Summary
Cambridge University Lawn Tennis Club is one of the most ancient lawn tennis clubs in the world. It was founded in 1881, seven years before the Lawn Tennis Association of Great Britain was founded.
Description
The Club
Up to the Second World War, after which lawn tennis became less of an amateur pursuit, Cambridge Blues won no less than 28 Wimbledon Championships in singles and doubles. H. W. W. Wilberforce was President, and then the first Chairman,of the All England Club. Cambridge Blues have included such famous names as H. L. Doherty and R. F. Doherty, Anthony Wilding, C. R. D. Tuckey, H. W. ('Bunny') Austin (who, with Tuckey, helped Fred Perry to win the Davis Cup for Great Britain in four successive years from 1933 to 1936) and more recently, Mark Cox, who was in the British team which reached the final of the Davis Cup against t he USA in 1978.
Cambridge University Lawn Tennis Club is one of the most ancient lawn tennis clubs in the world. It was founded in 1881, seven years before the Lawn Tennis Association of Great Britain was founded. Although it is called a 'club' it is actually the lawn tennis association of the whole of the University of Cambridge, representing the University as a whole, the thirty-one Colleges, and the other institutions which are part of the University.

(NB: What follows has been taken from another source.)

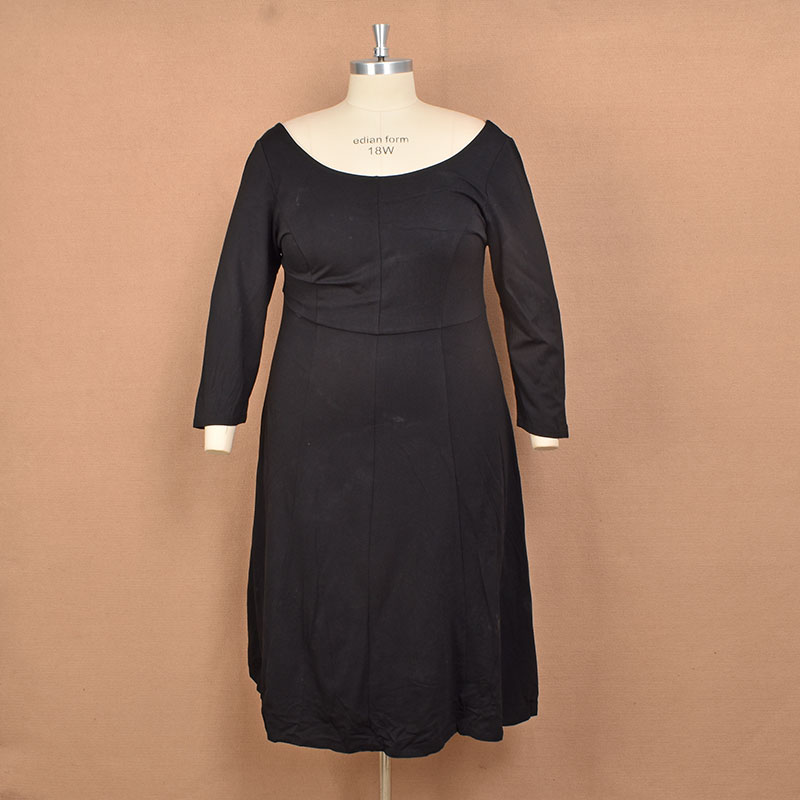 160斤170斤大码外贸女装胖MM显瘦深U领七分袖连衣裙长裙胸围120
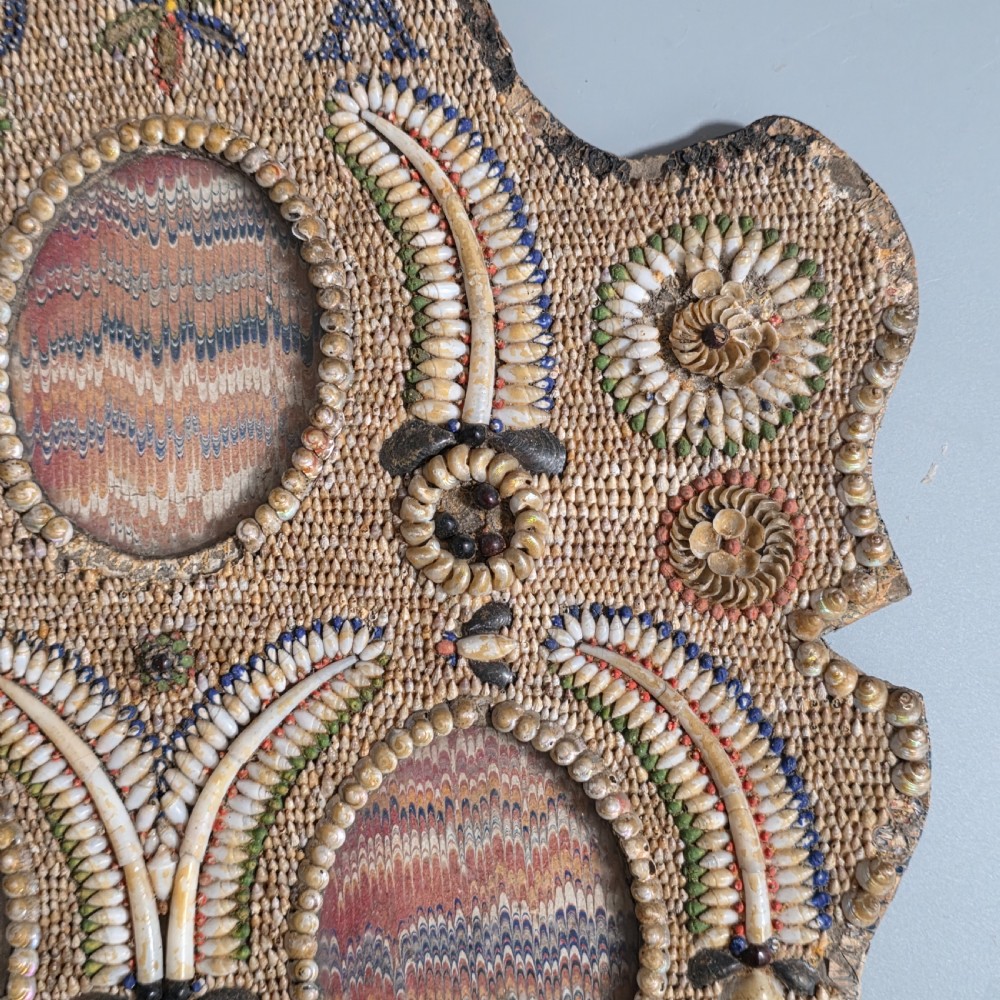 Incredible Micro Mosaic Valentine Shell Triple Frame c1881 View XVII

It is directly affiliated to the Lawn Tennis Association of Great Britain and has a representative on the Council and on the Board of the Association. The present Chairman of the Club, Sir Geoffrey Cass, was President of the Lawn Tennis Association and Chairman of the L.T.A. Council 1997-1999.
The University and Colleges give considerable support to British tennis by making available their administrative and playing facilities. CULTC regularly arranges for County Week groups to be held on College grounds.
The annual fixture list is one of the strongest in Britain. It includes matches against many different counties, as well as the All England Club, the International Club, The Queen's Club, and Ealing, Roehampton, Hurlingham and Cumberland lawn tennis clubs; also half-a-dozen universities, and a dozen other clubs and teams. Over 80% of the Club's annual fixtures are home matches, which means that in a typical year about 40 tennis teams from all over Britain are entertained for a day in Cambridge in Fenner's.